CVPR – Computer Vision and Pattern Recognition, the world's leading computer vision conference was filled with researchers and professionals discussing recent accomplishments in the area and looking ahead to the future of the discipline and AI in general.
In this piece, we will analyse the themes and highlights of CVPR 2023, which will serve as both a perspective on the conference and a prediction on the primary issues that will dominate the computer vision environment in the future year.
Vision Transformers on the rise
The transformer architecture has produced significant advances in AI research, advancing the state of the art. The vision transformer has lately arrived in the realm of computer vision. The vision transformer, which was constructed with the transformer architecture, interprets a patch of pixels as a text sequence, allowing the same architecture to be utilised for vision tasks.
We observed a wave of new vision transformer approaches at CVPR 2023, with academics focusing on analysing its biases, trimming it, pretraining it, distilling it, reverse distilling it, and applying it to other tasks.

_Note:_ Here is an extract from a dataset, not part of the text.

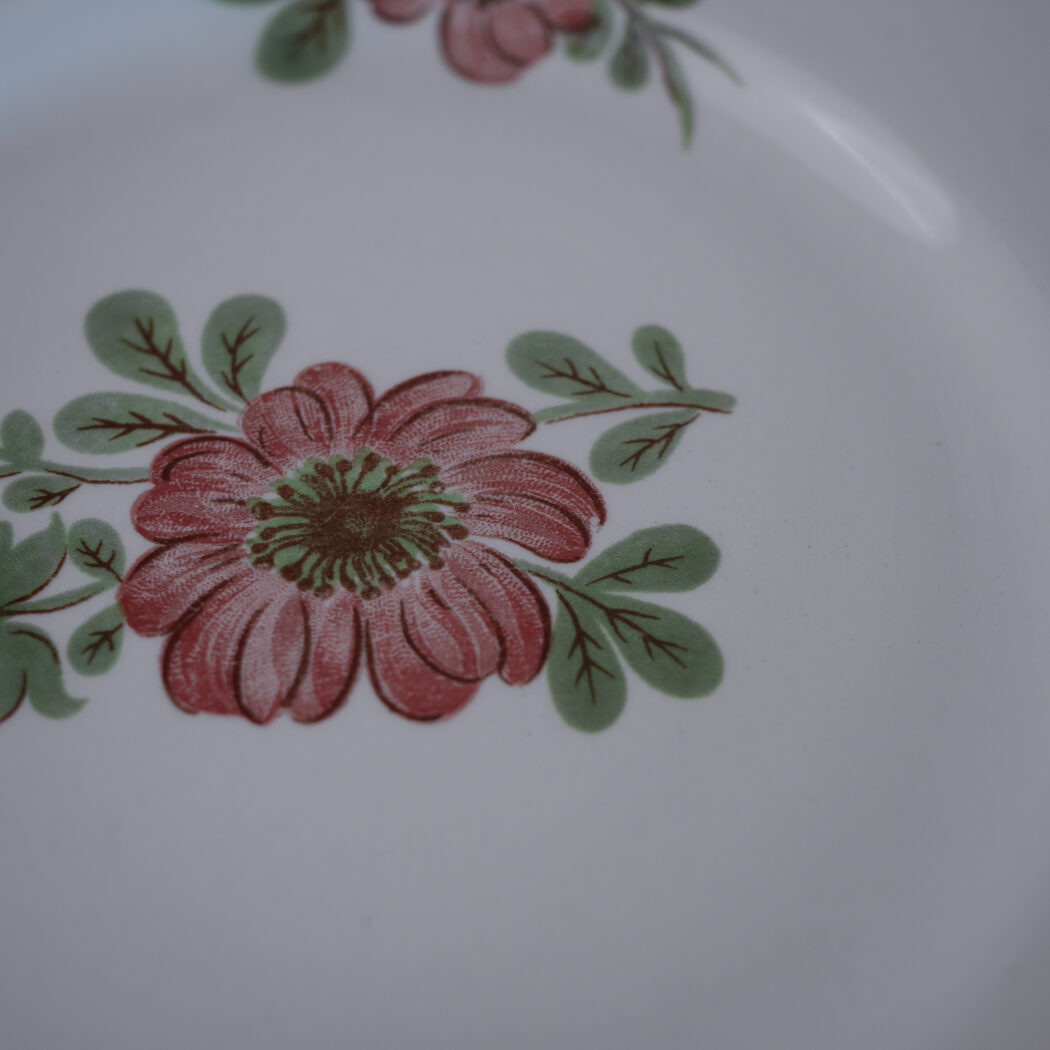 Hvide Tallerkner med Rosa Blomster, 6 stk. 2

Papers covering vision transformers found during CVPR:
- OneFormer: One Transformer To Rule Universal Image Segmentation
- Q-DETR: An Efficient Low-Bit Quantized Detection Transformer
- SparseViT: Revisiting Activation Sparsity for Efficient High-Resolution Vision Transformer
Foundational Models for Computer Vision
General pre-trained models have been demonstrated to be versatile multi-task learners, eliminating the need for several, often time-consuming, fine-tuning methods to machine learning challenges. Language models that anticipate the next token in text have shown to be a core model in NLP, with efficacy scaling with model size. There is no such model or loss objective that has developed in the computer vision research community to serve as foundational model for CV tasks.

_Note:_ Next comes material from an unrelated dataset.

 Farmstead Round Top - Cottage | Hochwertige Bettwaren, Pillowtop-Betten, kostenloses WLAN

As we heard during the Tuesday and Wednesday keynotes, there is frequently a mentality of "doing more with less" in Artificial Intelligence academics. Academic researchers recognise that they will be unable to compete with industry research laboratories that have access to massive computational resources to construct broad models.
Having said that, we noticed multiple research labs at CVPR working on foundation models, mostly at the interface of language and pictures.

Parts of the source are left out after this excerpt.